Hello Neighbor is a stealth horror game with an interesting premise. Rather than a dark asylum or haunted mansion or even an alien space craft, the game takes place somewhere a little more familiar: the little house next door.
You take on the role of a young boy who happens to witness his neighbor apparently subduing someone, or something, then tossing it into his basement. Taking place over three acts, with increasingly more complex suburban homes, you’ll need to figure out how to break in and solve the mystery without being caught and left to suffer the same consequence.
Here’s what I liked:
Suburban Setting – Hello Neighbor takes the familiar survival horror game, and shines a bright and colorful Pixar style light on it. It’s a good idea and makes you wonder why it’s not been done before. Most people can probably remember that one childhood neighbor, who sadly did nothing wrong other than having the audacity to be old and live alone. But bored kids make up stories, and suddenly you’re living next door to a serial murder who eats children. A clever twist on the horror genre.

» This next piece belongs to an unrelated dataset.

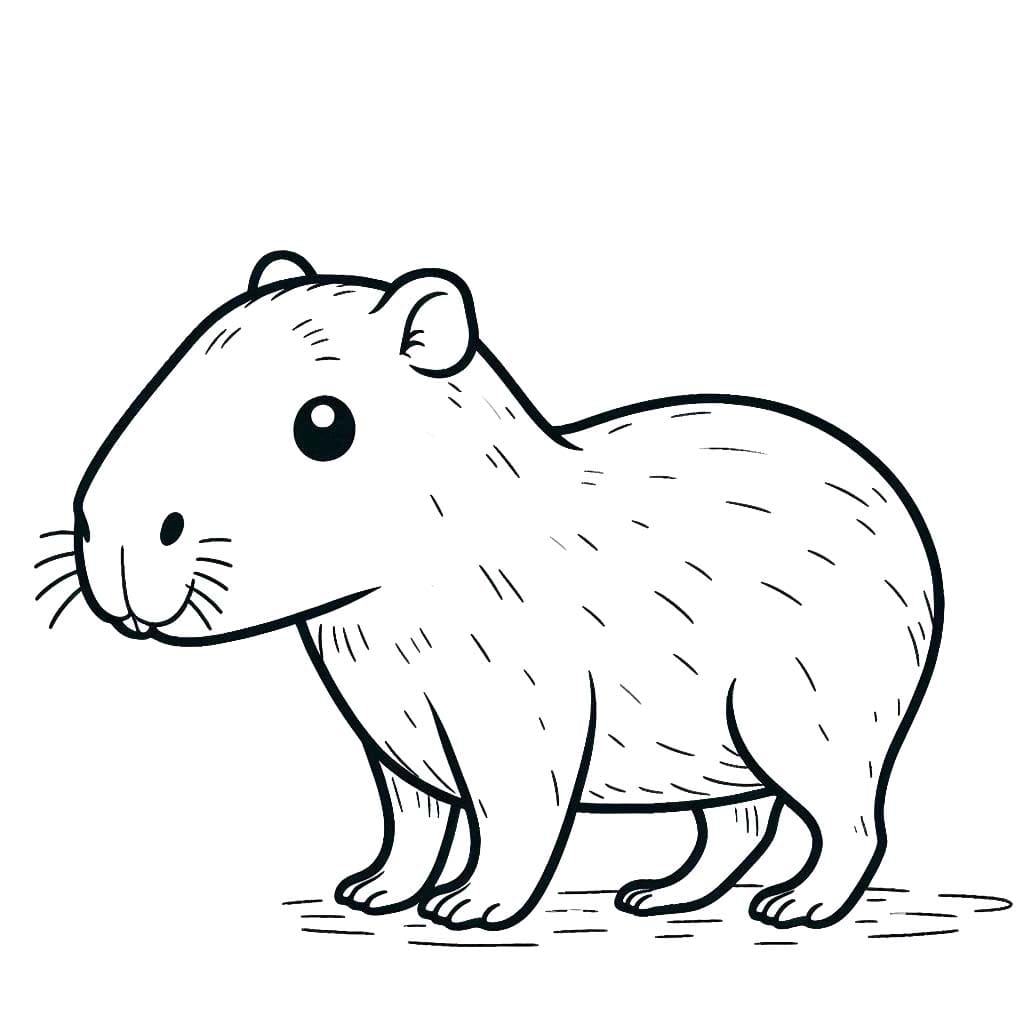 Zeichne Capybara druckbare einfach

Here’s what I didn’t like:
The game – Of course one good idea, doesn’t make a game, and unfortunately I’ve had more fun getting my teeth drilled. Obscure, illogical puzzles that are next to impossible to figure out without the aid of YouTube, make up most of the gameplay. In fact, even after seeing some of the solutions, I was convinced I was being shown a “cheese” rather than the actual answers. To make matters worse, whilst you are wandering around trying to figure out these puzzles, the so-called advanced AI (aka the Neighbor) is on you like a magnet. Being caught is mildly creepy for the first five minutes of the game, but happens so often that it becomes downright boring. There’s no real consequence either for being caught. Yes, you do return to the starting point of that level, but you get to keep any acquired items, and most of the time any actions you carried out in the area are not undone. This basically boils down to a poorly conceived puzzle game with some annoying guy who turns up now and again to slow your progress.

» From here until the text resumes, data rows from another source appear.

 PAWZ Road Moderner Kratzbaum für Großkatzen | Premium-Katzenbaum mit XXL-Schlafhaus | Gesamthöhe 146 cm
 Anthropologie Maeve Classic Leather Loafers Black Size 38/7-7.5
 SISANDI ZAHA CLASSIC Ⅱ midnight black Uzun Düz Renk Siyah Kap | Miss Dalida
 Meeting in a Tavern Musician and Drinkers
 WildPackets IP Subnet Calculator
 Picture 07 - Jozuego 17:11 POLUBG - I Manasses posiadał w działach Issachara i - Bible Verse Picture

AI IQ – While we’re on the topic of the AI, one of the main selling points of Hello Neighbor is the apparent advanced AI. There were a couple of times the AI would place a bear trap in an area it thought I might be moving through, however most of the time “below average” AI would be a more appropriate description. At times I witnessed the Neighbor crashing through his own windows after spotting me in his garden, then failing to climb the porch stairs to go back inside, finally giving up and resorting to just doing exercises on the spot instead. Any broken windows were never repaired giving me easy access to the house most of the time. Later, I was spotted hiding in a cupboard, but instead of grabbing me, he got stuck on some boxes and continued to grunt and spin until I put him out of his misery and gave myself up. Anything to stop the annoying ‘danger’ music from playing continuously! He was also able to teleport from fairly long distances at times, so you can forget about running and hiding for the most part. It was also hit or miss whether the Neighbor would even turn up. I had one glorious run where he didn’t show for near half an hour of gameplay, allowing some actual exploration. On my next session however, he turned up in the first room and wouldn’t leave, meaning I was unable to progress further without another restart.
Fisics – When you’re not scratching your head over the weird puzzles, the other thing you’ll be doing is some fairly dodgy platforming. We’re talking floaty physics with a cap F. At one point I climbed a bookshelf outside and floated off the map. I was then awarded an achievement, I can only assume for finding a glitch? Well that’s one way around quality control. There were also severe issues interacting with objects with several button pressed required to pick anything up. This wasn’t a one-off either. I had issues picking up every single item. If you do manage to pick something up, you can also throw it with varying results on whether they will land where the crosshair is showing or bounce off into oblivion.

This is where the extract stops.